Public reports show that information and communication technologies (ICTs) challenge traditional reading and learning habits in ways that lead to social divisions. As people read less printed material, a socio-economic and generational gap emerges between digital natives with limited attention spans and critical reading-skills, and expert readers who combine traditional and digital reading.

Europe wields immense cultural influence through its educated readership, international stature of its publishing industry and an editorial diversity largely supported by fixed book prices. But new devices (audiobooks, e-books, tablets,) are reshaping the roles of authors and publishers inspiring new commercial strategies and creating new experiences for readers, who are confronted with texts in multiple versions and formats.

As anticipated by Donald McKenzie in Bibliography and the sociology of texts (Cambridge University Press, 1984, pp. 70-71), a 1984 founding book for both historical and contemporary Book and Reading studies at large, the digital revolution entices an era and cultural literacy in which “ we do not buy the book so much as the time in which to read it. With new forms of text, we buy, in bulk, the reading, viewing, or listening time in the form of an entrance fee to the cinema, a hiring fee for the disc or video {…}, or we pay an access fee for the information in a data bank.”

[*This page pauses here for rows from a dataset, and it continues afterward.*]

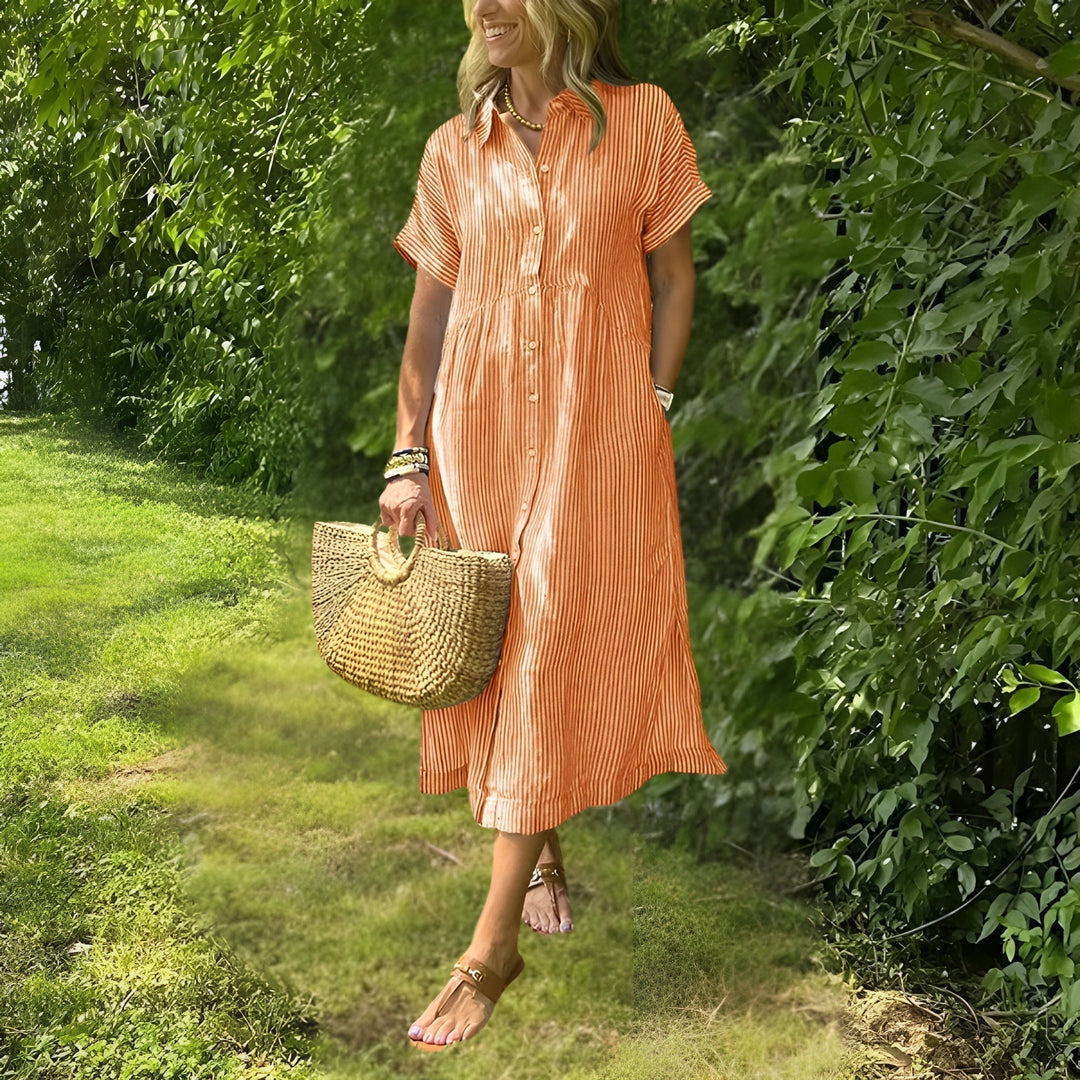 Karina | Flattering Striped Dress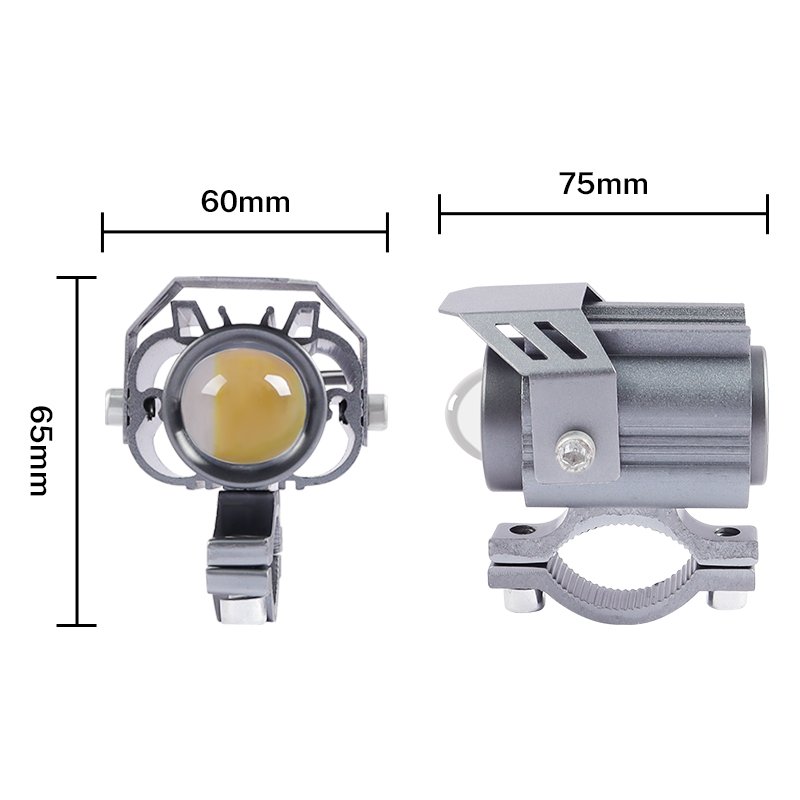 Motorcycle LED Light 10W Off-road Projector ATV Scooter Lens Headlight Fog Light Driving Lights Spotlight for Motorbike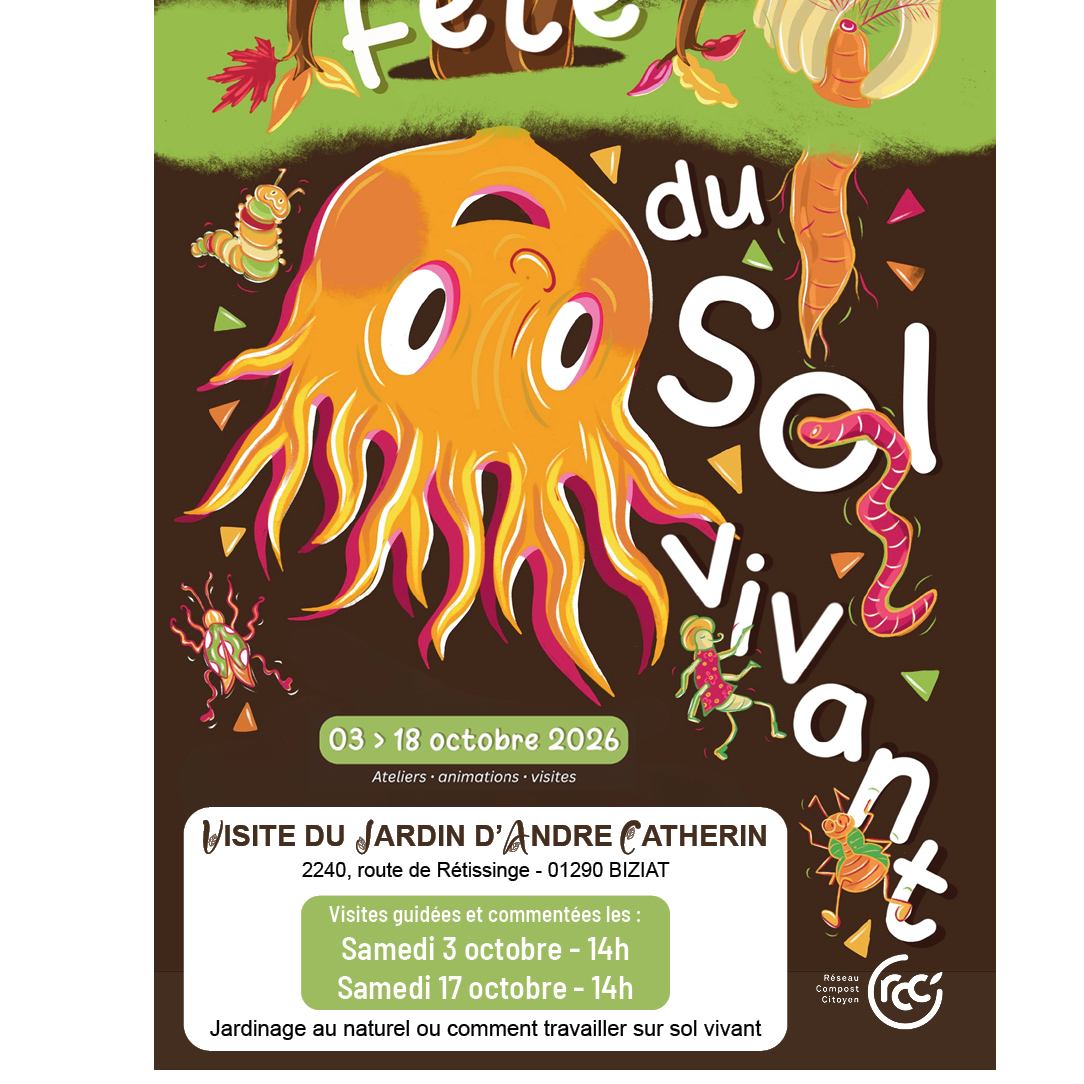 "Fête du Sol Vivant" - Visite du jardin d'André Catherin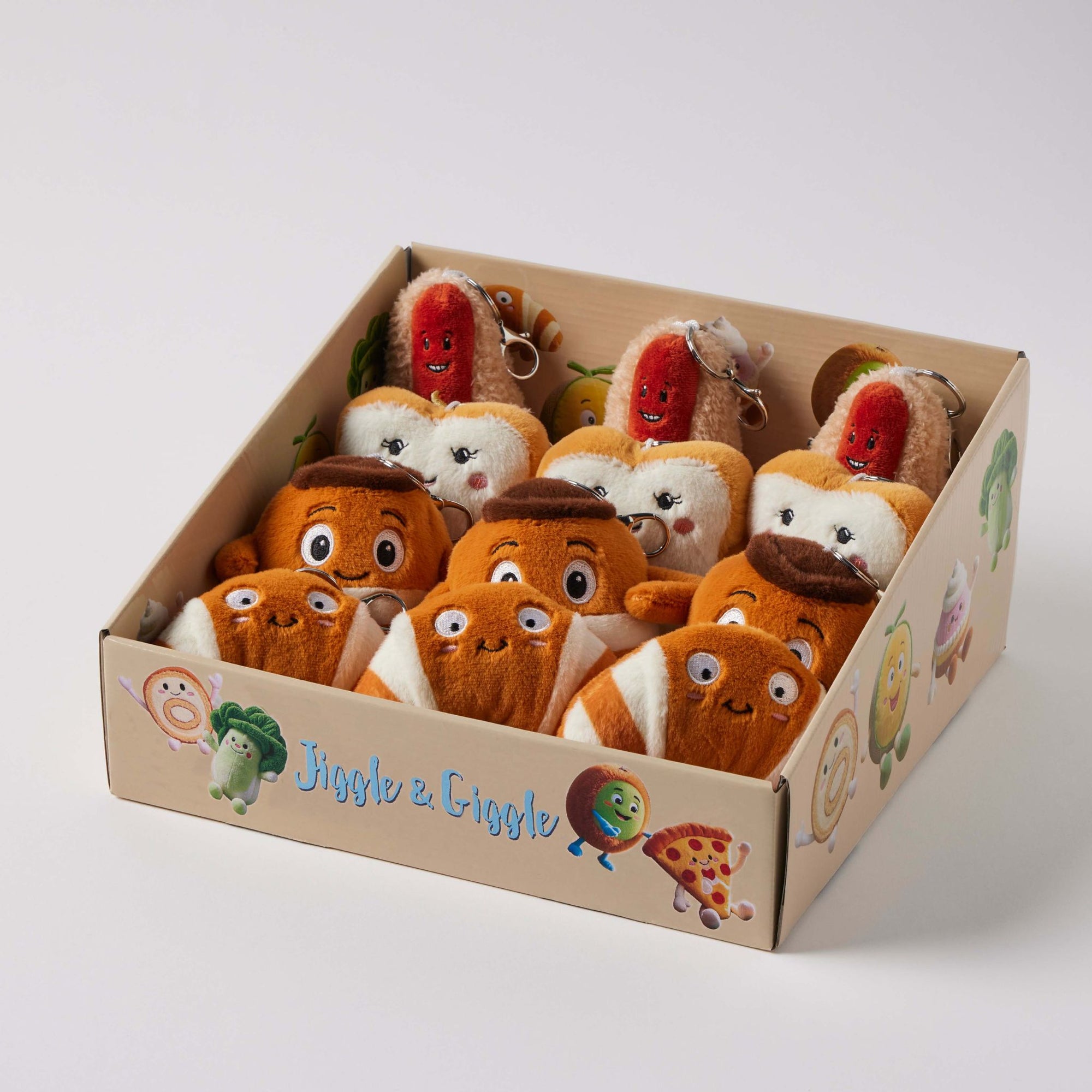 Munchettes Plush Pastry Keychain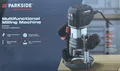 Produktbild: Parkside Performance® Multifräse PPMF 710 mit Kanten-, Ober- und Winkelfräsmodul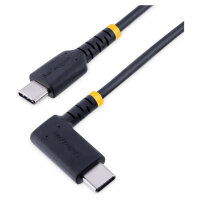 StarTech 1 m USB-C Ladekabel Mit Winkelstecker und 60W PD - Robust - USB-Kabel - 24 pin USB-C (M)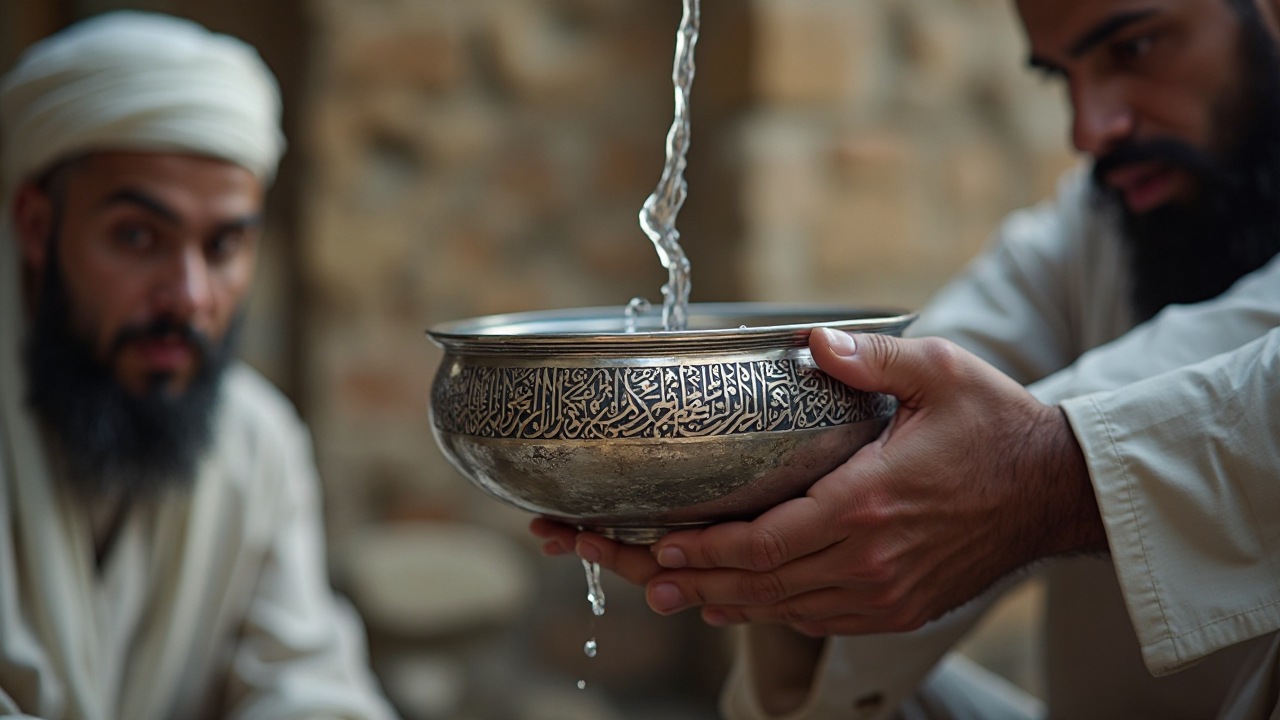 Silver Bowl Water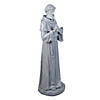 28" St. Francis with Bird Outdoor Garden Statue Image 1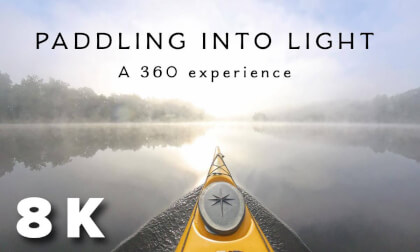 Paddling into Light - A 360 Kayak Journey through Mist and Magic Paddling into Light - A 360 Kayak Journey through Mist and Magic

Indeed, despite assumptions that “reading is both an unnatural, non-innate, and highly artificial activity of the mind-brain” (A. M Jacobs, “Towards a neurocognitive poetics model of literary reading”, 2014), contemporary cultural and social practices seem to highlight a renewed definition of reading beyond its traditional one of acquired text and even image reading proficiency. MiladDoueihi (The digital Culture, 2008) and in a recent oral address (Université du Maine, Le Mans, May 2015) emphasizes “a powerful reading culture” that encompasses natural activities of the mind-brain (looking around, viewing, listening, playing..) that were not traditionally seen as “reading” and currently stem from the model and evolutions of games.

So one can see how the new paradigm of reading as a time related and customized activity resorting to multiple visible matter rather than purposefully written material, and implying a variety of reading practitioners, triggers an entirely new set of questions and potential endeavours for publishing industries of today. Eager to understand the market and the characteristics of their customers, they might benefit from the results which the whole range of research on publishing, reading and readership is able to provide about the buyers social (families, roles, status) characteristics and the cultural circumstances that surround them (e.g. as displayed in J. Travnicek surveys presented in Reading Bohemia, Akropolis, Prague, 2015);as well as about theireconomic, technological, political circumstances and their response to the overall marketing mix made available by publishers (as developed in A. Baverstock fifth edition of How to market books, Routledge, 2015).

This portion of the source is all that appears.